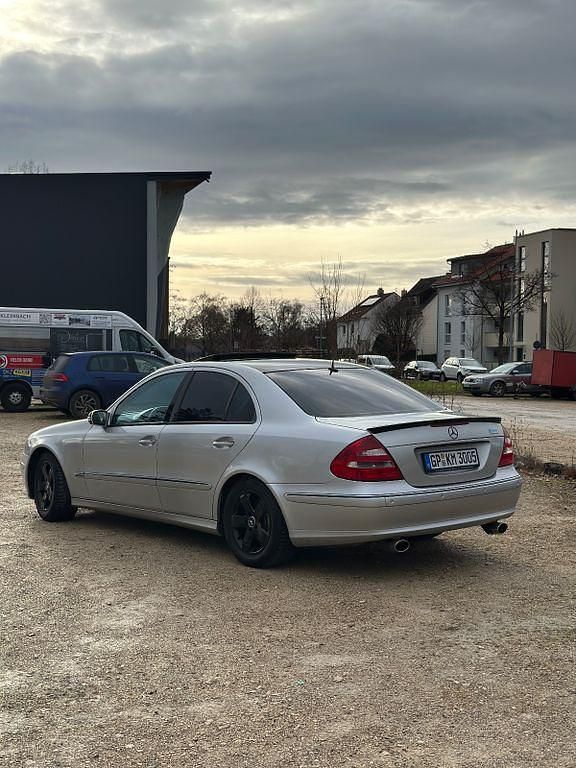 Gebraucht Mercedes E240 Avantgarde 177 PS (130 kW) 2005 Silber Limousine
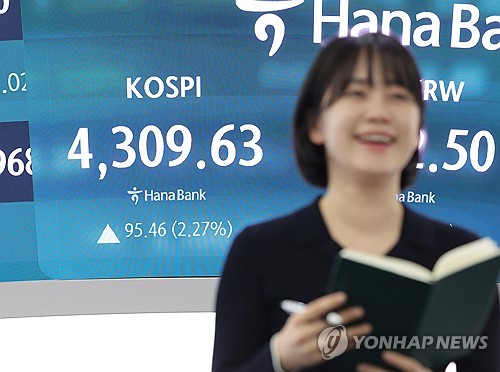 '붉은말의 해' 첫날 4,300 신기록 달성한 코스피…삼성전자 질주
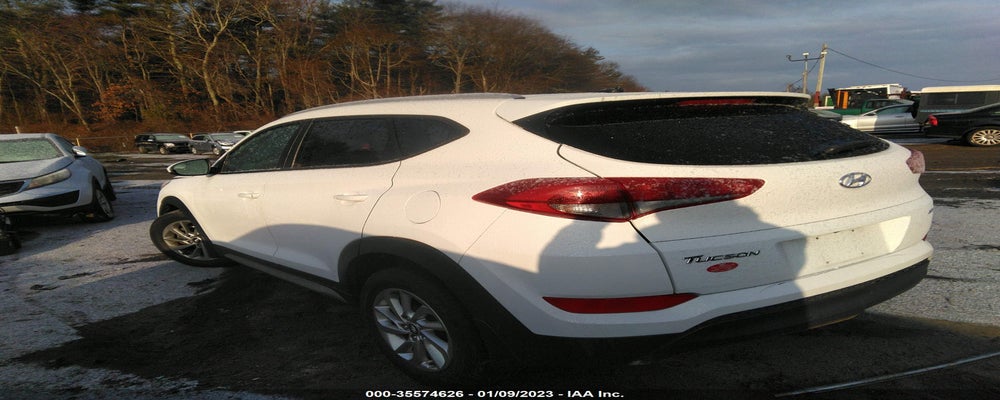KM8J3CA47HU272995 2017 HYUNDAI TUCSON photo no. 3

▬▬▬▬▬▬▬▬▬▬

__Work to be completed__:
Give the material again exactly as it is, but keep the pictures out.

__Finished task__:
 Gebraucht Mercedes E240 Avantgarde 177 PS (130 kW) 2005 Silber Limousine
 '붉은말의 해' 첫날 4,300 신기록 달성한 코스피…삼성전자 질주
KM8J3CA47HU272995 2017 HYUNDAI TUCSON photo no. 3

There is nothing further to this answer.